## What to do
Your answer must consist of every line from the data below that includes the word "yellow".

## Task data
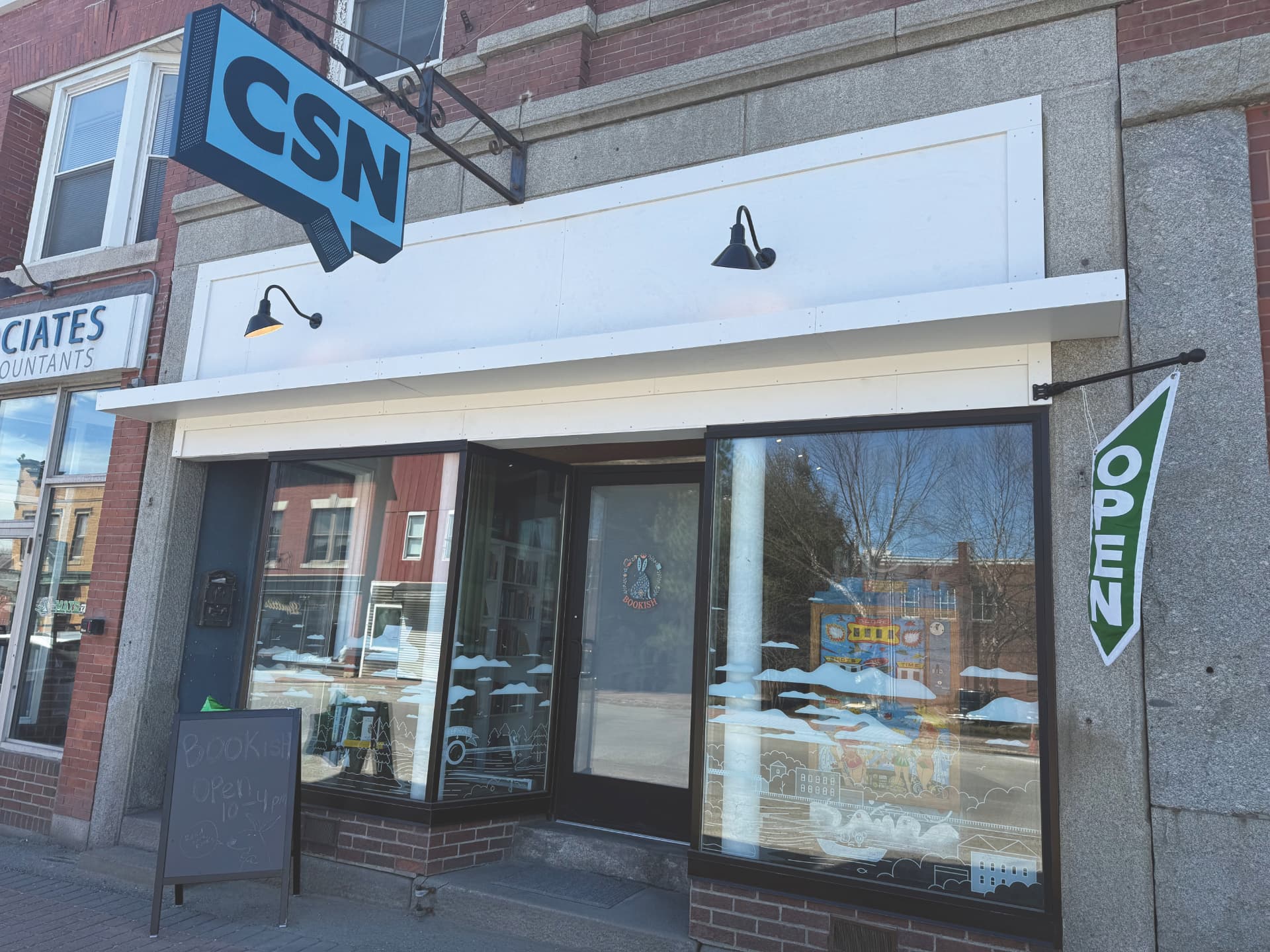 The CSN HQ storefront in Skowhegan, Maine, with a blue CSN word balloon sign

---

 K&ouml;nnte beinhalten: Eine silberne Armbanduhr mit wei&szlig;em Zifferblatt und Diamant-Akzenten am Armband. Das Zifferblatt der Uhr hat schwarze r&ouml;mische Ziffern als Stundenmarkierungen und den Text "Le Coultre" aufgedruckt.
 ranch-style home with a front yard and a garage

---

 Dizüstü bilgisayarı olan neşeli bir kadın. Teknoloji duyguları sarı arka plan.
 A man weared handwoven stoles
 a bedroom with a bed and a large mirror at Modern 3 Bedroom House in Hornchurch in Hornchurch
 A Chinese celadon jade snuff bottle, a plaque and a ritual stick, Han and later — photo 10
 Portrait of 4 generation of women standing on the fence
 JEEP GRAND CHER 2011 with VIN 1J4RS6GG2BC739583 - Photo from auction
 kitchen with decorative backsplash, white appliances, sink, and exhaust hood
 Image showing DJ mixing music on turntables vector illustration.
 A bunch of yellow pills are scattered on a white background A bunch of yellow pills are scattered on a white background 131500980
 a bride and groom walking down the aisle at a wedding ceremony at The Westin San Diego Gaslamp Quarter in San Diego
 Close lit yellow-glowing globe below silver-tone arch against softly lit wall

## Solved exercise
 A bunch of yellow pills are scattered on a white background A bunch of yellow pills are scattered on a white background 131500980
 Close lit yellow-glowing globe below silver-tone arch against softly lit wall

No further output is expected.